Welcome to the December edition of the Cloudera Fast Forward Labs newsletter. This month we dive into the world of Video Understanding and share our favorite reads.
For the past few months, we’ve been diligently digging into a newly-emerging capability: Video Understanding! While working with video data has considerable overlap with image understanding, information extraction from video presents a new level of complexity and a new world of possibilities.
Video understanding is an umbrella term for a wide range of technologies that automatically extract information from video. Readers familiar with computer vision, as applied to still images, might wonder what the main differences between image and video processing are. Can’t we just apply still image algorithms to each frame of the video sequence, and extract meaning in that way? The short answer is “yes, but…”. While it is indeed possible to apply image methods to each frame in a video (and some approaches do), considering temporal dependencies results in tremendous gains of predictive capabilities.

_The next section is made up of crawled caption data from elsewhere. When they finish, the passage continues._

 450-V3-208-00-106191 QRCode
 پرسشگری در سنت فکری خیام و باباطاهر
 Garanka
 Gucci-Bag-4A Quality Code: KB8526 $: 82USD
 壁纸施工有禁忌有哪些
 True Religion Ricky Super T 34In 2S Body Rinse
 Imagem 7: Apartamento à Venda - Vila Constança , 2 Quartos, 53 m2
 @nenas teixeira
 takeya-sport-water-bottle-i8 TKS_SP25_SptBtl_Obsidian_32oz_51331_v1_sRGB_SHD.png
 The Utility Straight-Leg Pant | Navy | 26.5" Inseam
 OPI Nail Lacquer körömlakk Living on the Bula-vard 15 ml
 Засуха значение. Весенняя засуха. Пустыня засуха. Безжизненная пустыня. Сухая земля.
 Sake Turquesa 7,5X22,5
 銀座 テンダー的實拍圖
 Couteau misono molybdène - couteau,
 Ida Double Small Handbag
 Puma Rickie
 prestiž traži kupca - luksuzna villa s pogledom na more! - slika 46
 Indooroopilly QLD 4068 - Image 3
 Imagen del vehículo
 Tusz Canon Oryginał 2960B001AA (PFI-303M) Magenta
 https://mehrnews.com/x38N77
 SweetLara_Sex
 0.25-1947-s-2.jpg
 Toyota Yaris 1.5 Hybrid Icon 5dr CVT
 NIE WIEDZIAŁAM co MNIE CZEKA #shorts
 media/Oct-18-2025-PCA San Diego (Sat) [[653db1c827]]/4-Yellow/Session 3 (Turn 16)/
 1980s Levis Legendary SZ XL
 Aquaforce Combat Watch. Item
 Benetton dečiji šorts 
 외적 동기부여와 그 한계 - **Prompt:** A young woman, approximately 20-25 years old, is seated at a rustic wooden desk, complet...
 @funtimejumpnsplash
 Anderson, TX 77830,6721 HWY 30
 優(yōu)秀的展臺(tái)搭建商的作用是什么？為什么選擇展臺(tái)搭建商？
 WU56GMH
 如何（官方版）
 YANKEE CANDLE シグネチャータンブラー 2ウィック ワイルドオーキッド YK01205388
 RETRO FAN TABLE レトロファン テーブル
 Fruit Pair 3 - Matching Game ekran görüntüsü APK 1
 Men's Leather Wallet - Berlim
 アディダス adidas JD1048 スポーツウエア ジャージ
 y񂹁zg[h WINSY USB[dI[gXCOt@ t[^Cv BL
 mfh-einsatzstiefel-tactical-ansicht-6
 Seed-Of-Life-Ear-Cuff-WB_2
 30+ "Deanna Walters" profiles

This blog post provides an introduction to a slew of these capabilities as well as some nascent applications that harness these technologies in the real world.
Action forecasting is just one emerging capability in the vast world of video understanding.
Those familiar with our work know that here at CFFL, we don’t just write about the latest ML, we also love to build things with it! While our prototypes now live in Cloudera’s data science products, our repos are always intended for a broad audience. To that end, we thought it was high time that we added this section to our newsletter to highlight some of these projects. Here you’ll find links to repos we’re currently working on, as well as polished prototypes. Keep in mind that projects under development are subject to change, while finalized repos provide stable releases with long-term support.
This project accompanies the video understanding blog above and provides two ways to explore the specific task of video classification. The first is an interactive Jupyter Notebook that allows the user to investigate the data and models behind video classification, as well as to highlight some of the challenges and considerations of working with video data. The second is a script that allows the user to evaluate video classification models on a handful of standardized video datasets.
To combat concept drift in production systems, it’s important to have robust monitoring capabilities that alert stakeholders when relationships in the incoming data or model have changed. In this Applied Machine Learning Prototype (AMP), we demonstrate how this can be achieved on CML. Specifically, we leverage CML’s Model Metrics feature in combination with Evidently.ai‘s Data Drift, Numerical Target Drift, and Regression Performance reports to monitor a simulated production model that predicts housing prices over time.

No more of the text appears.